The Secretary of a military department, under procedures established by him and approved by the Secretary of Defense, and acting through boards of civilians of the executive part of that military department, may correct any military record of that department when he considers it necessary to correct an error or remove an injustice.

. Nothing in the record suggests that Major Thomas was himself involved in the scandal; there is only the suggestion that Thomas possessed knowledge of the incident, which led to conflict with his commanding officer Curbow.

. In finding today that Major Thomas was still assigned to SWMSU the majority quotes, apparently as an admission against interest, Thomas’ statement in his complaint that he could have chosen to "stand at parade rest in Springfield, Missouri for the next several years awaiting a decision by Army". The district court rejected the idea that Thomas was required to remain at Springfield, and found "It could be reasonably assumed that Thomas returned home out of desperation, unable to afford a continued wait in Springfield. In any case, he was not hiding and remained ready for valid orders.” Thomas v. Weinberger, slip. op. at 12.
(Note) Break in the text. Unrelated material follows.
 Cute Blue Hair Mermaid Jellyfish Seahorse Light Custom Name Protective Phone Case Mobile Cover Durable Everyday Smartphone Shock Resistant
. AR 630-10 ¶ l-4g states:

l-4g. Unit Commander. The clerical responsibility for documenting the AWOL, return to military control, and disciplinary action may be delegated to a Personnel and Administration Center (PAC). Unit commanders, however, are responsible for determining and reporting members who are AWOL or are DFR. This AR provides guidance and procedures to assist unit commanders in making these decisions. It covers a variety of circumstances, but it is not all-inclusive. In cases of doubt, the final decision must be based on the judgment of the commander after considering the facts of each case.

. I can not share the majority’s view that declaring a person AWOL while refraining from criminal prosecution is no more than a "mere administrative notation".

. This is not a matter of relative “stigma": the majority suggesting that a military person should complain less about the stigma of a non-criminal "AWOL” than the stigma of "deserter". I can discern no such refinement of purpose in 10 U.S.C. § 1552, which authorizes the correction of military records “to correct an error or remove an injustice".

. In Bates the court held that the military back pay for the period Bates remained at home was not subject to offset, because military pay is fixed by statute and depends on the member’s status, not on his or her actual service.

. The issue is not simply Thomas’ entitlement to pay and benefits for the nine months in question, as the majority suggests; it appears from the record that the Board’s decision adversely affected Thomas’ reservist career. The majority’s statement that he "should not ... forfeit retirement or other benefits” is a quotation from the decision of the district court, which is here being reversed.

There can be no stigma attaching to the attempt to preserve the benefits earned over a lifetime of military service.